> _Work order_: Only the lines from the one holding "iQOO Z10 Turbo正品新款大电池大内存国家补贴学生智能手机" to the end of the data should be echoed, exactly as they appear, minus the pictures.

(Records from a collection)

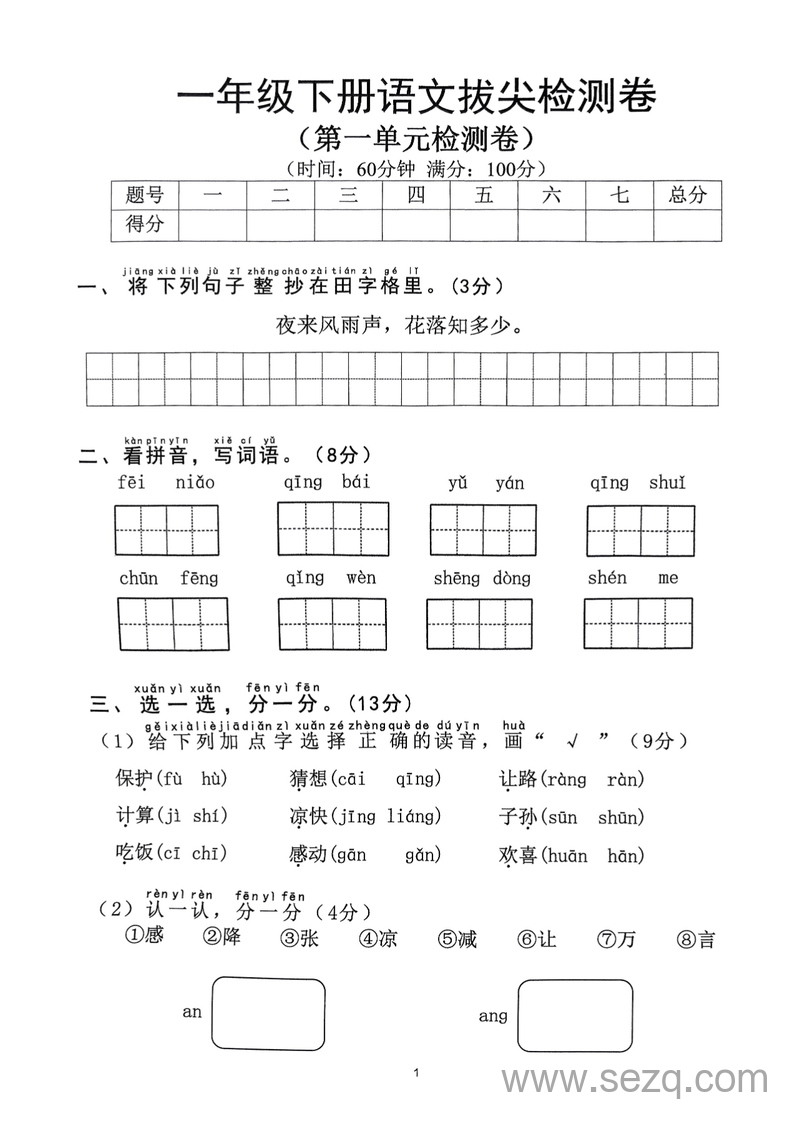 2025年一年级下册语文1-8单元拔尖卷 - 文档资源第1张
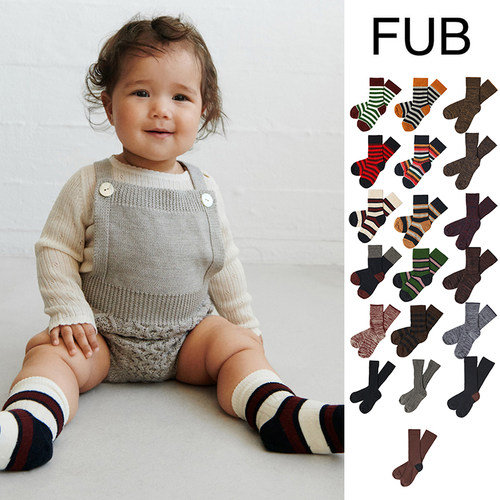 5Z Little现货 丹麦FUB FW25秋冬儿童婴幼儿短袜膝盖袜中筒袜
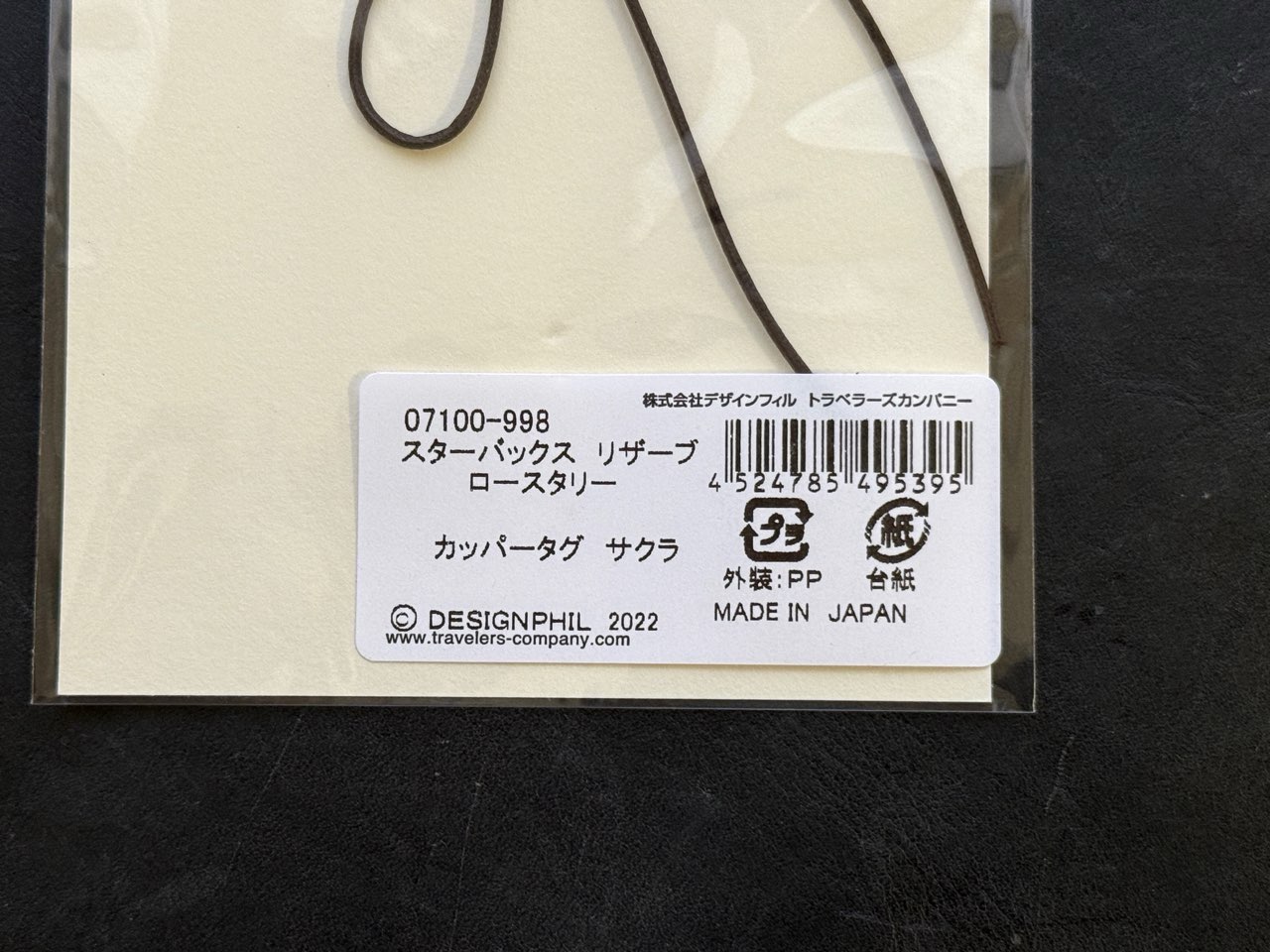 スターバックスリザーブロースタリー限定のサクラカッパータグ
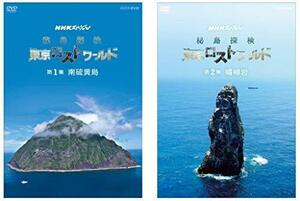 【中古】 NHK スペシャル 秘島探検 東京ロストワールド BOX [DVD]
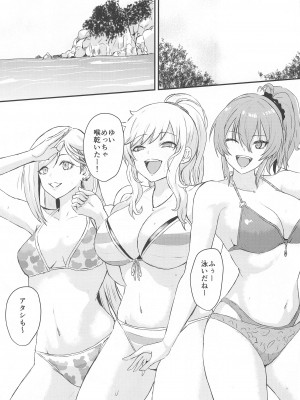 (C100) [ジャッカス (ペペ田デミオ)] ギャル足りてる？ (アイドルマスター シンデレラガールズ)_02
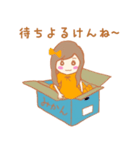 ラッキーくん（個別スタンプ：29）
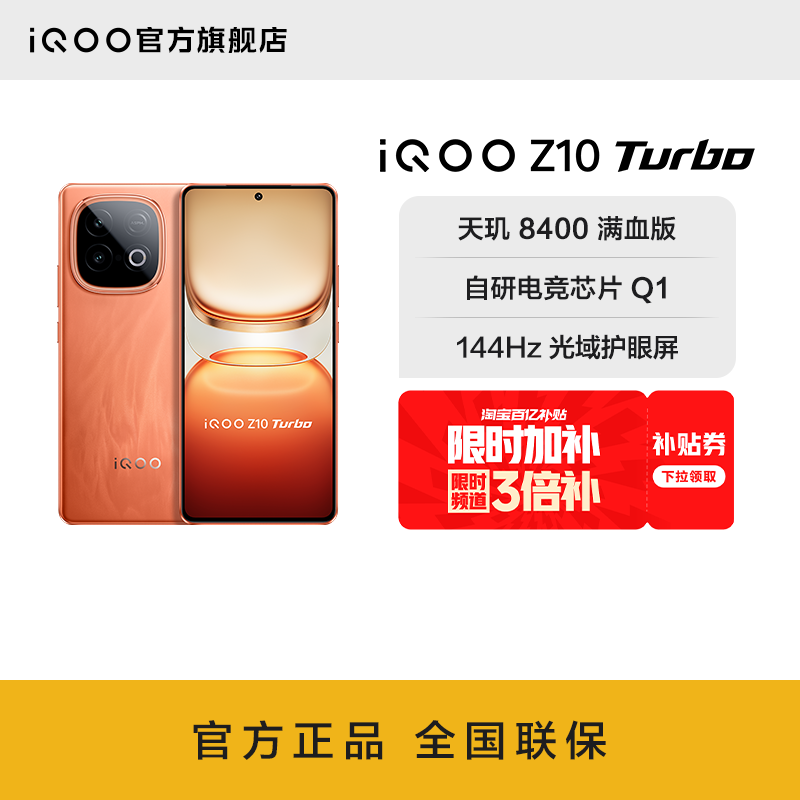 【下拉领百补220元优惠】vivo iQOO Z10 Turbo正品新款大电池大内存国家补贴学生智能手机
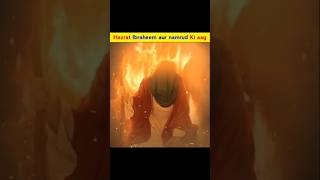 Hazrat Ibrahim aur namrud ki Aag 🤔😱islamicstatusislamicvideoislamicshorts [upl. by Neddie]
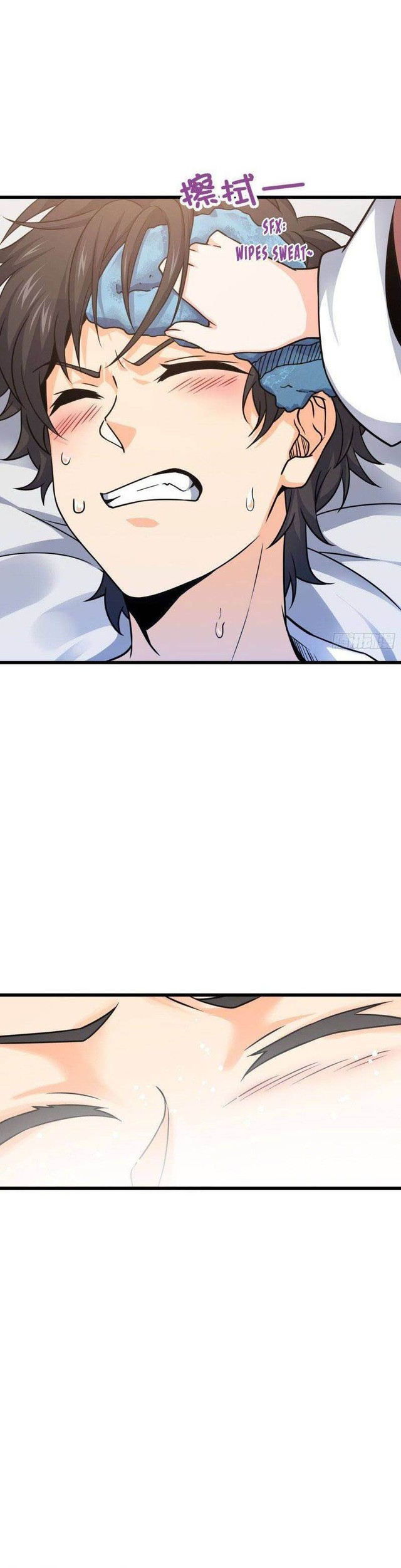 Spare Me, Great Lord! Chapter 103 Gambar 16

> _Answer to this task_:
 【下拉领百补220元优惠】vivo iQOO Z10 Turbo正品新款大电池大内存国家补贴学生智能手机
 Hazrat Ibrahim aur namrud ki Aag 🤔😱islamicstatusislamicvideoislamicshorts [upl. by Neddie]
 Spare Me, Great Lord! Chapter 103 Gambar 16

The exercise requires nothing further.